■ **PROBLEM STATEMENT**: Retype the whole listing below exactly, keeping every picture out of it.

■ **PROVIDED DATA**:

★ ★ ★ ★ ★

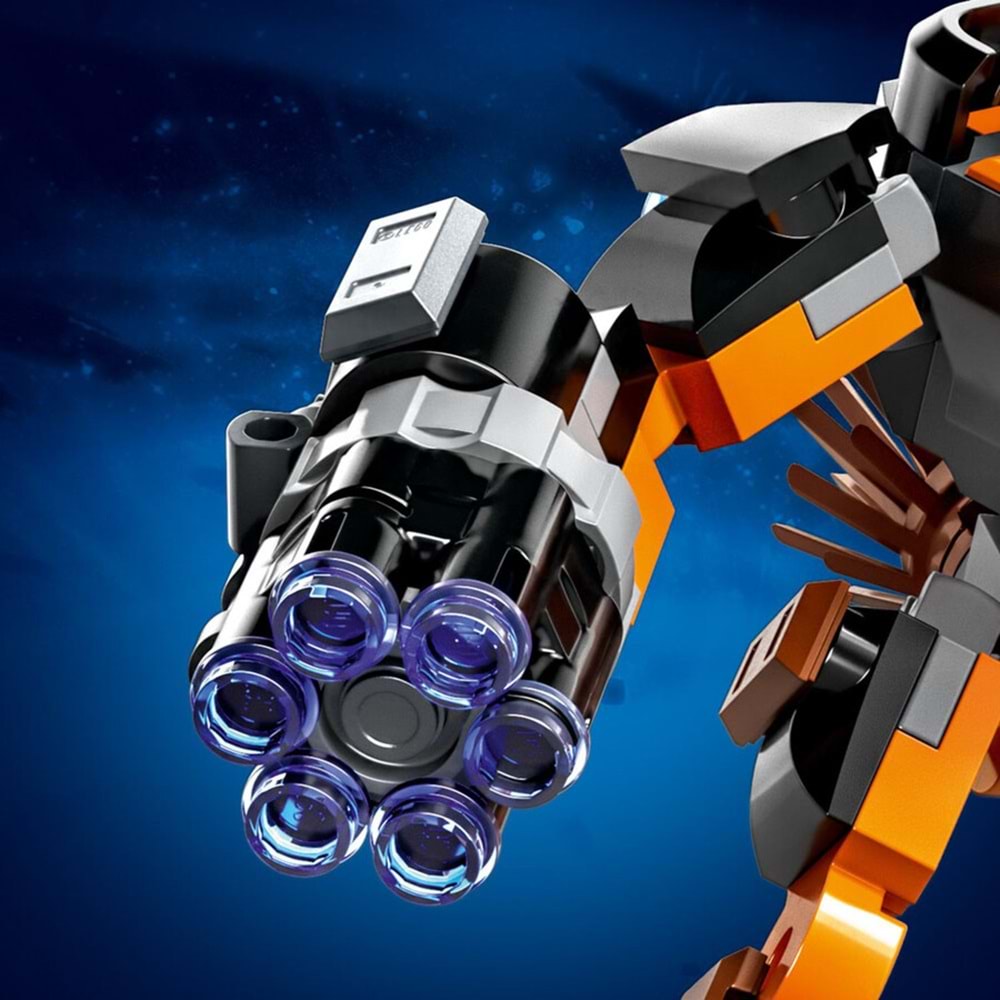 LEGO-76243 Marvel Rocket Robot Zırhı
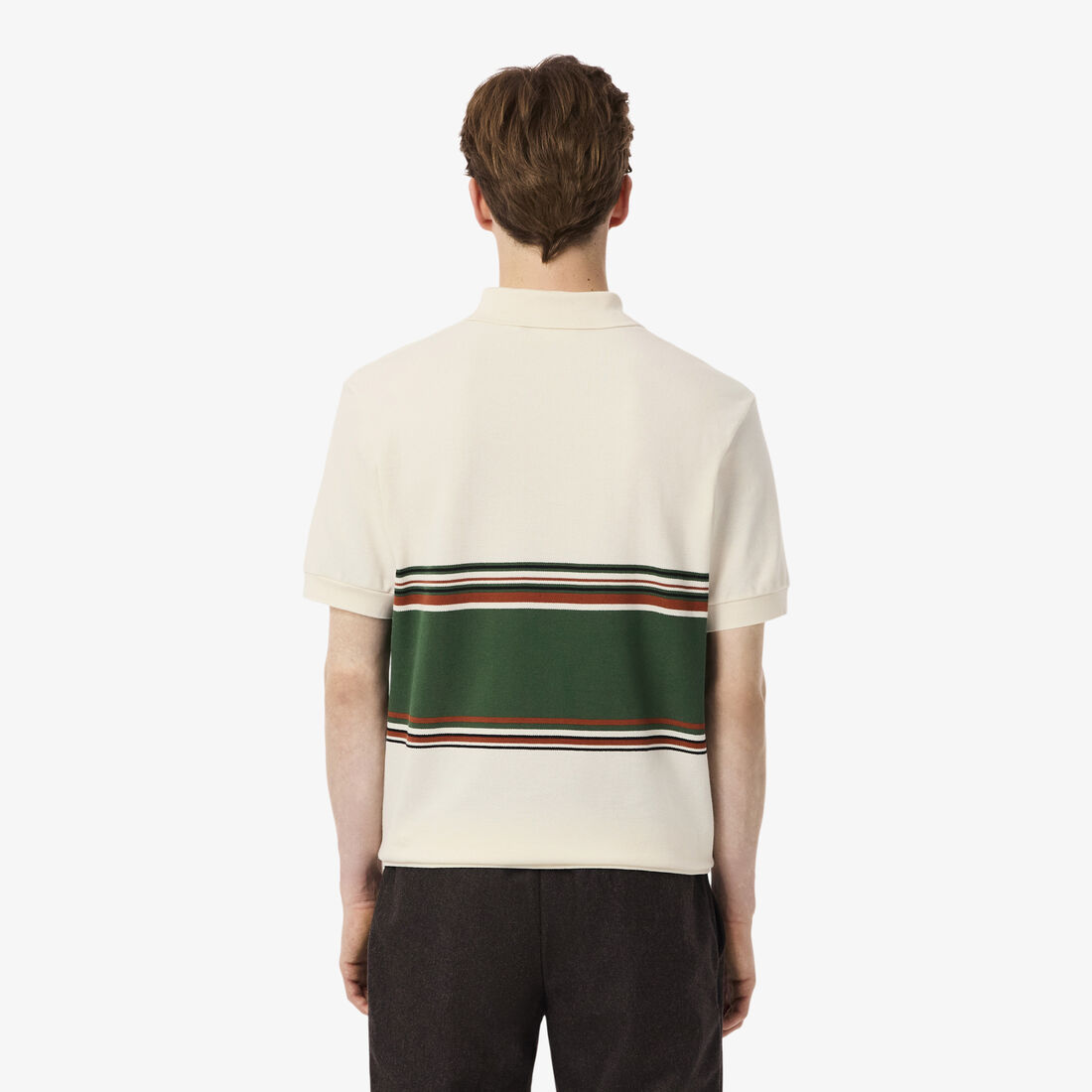 French Made Classic Fit Striped Polo Shirt French Made Classic Fit Striped Polo Shirt - PH5457-00-XFJ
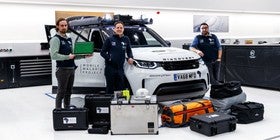 Este Land Rover Discovery luchará contra la malaria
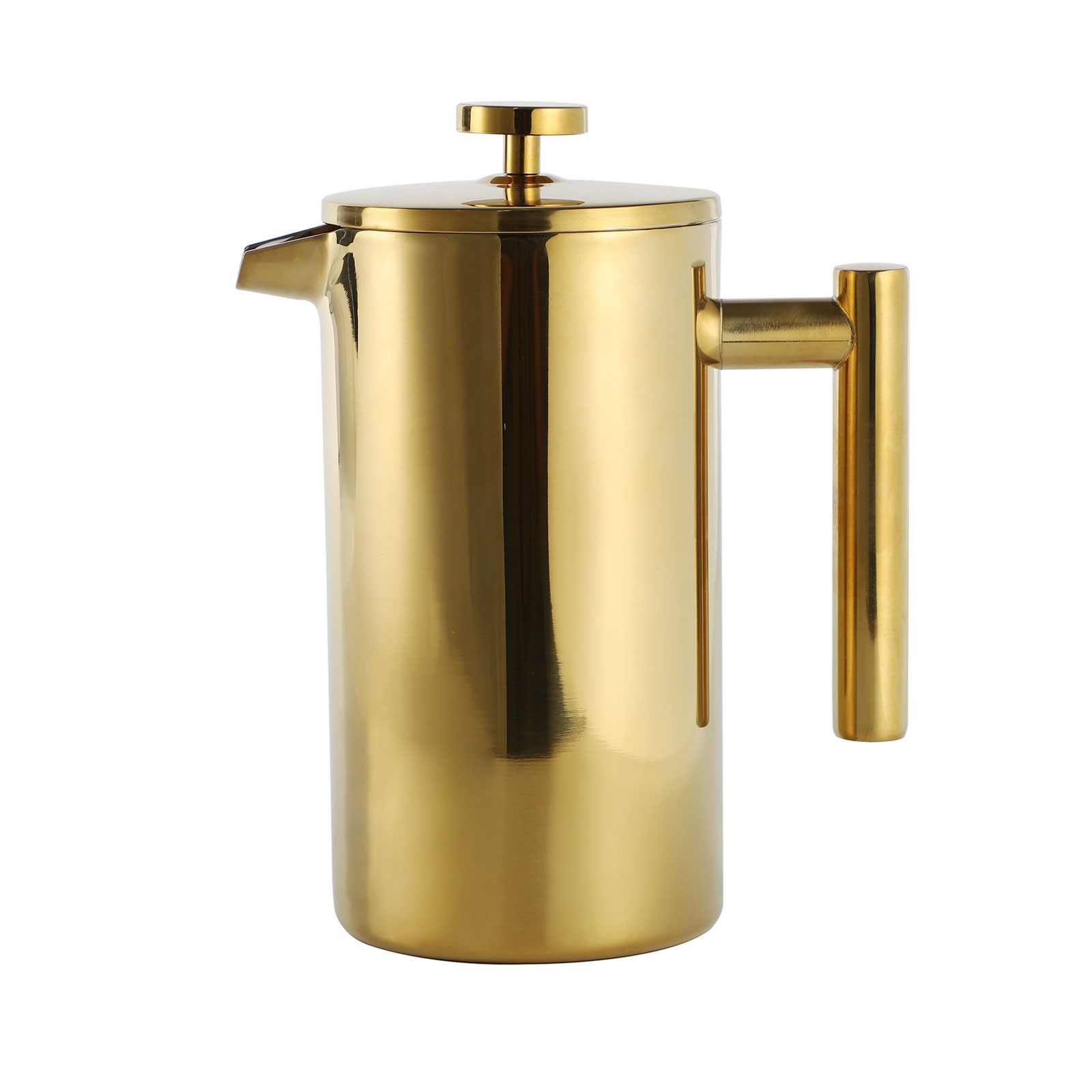 ECHTWERK  French Press aus Edelstahl, 800 ml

★ ★ ★ ★ ★

■ **TASK RESPONSE**:
 LEGO-76243 Marvel Rocket Robot Zırhı
 French Made Classic Fit Striped Polo Shirt French Made Classic Fit Striped Polo Shirt - PH5457-00-XFJ
 Este Land Rover Discovery luchará contra la malaria
 ECHTWERK  French Press aus Edelstahl, 800 ml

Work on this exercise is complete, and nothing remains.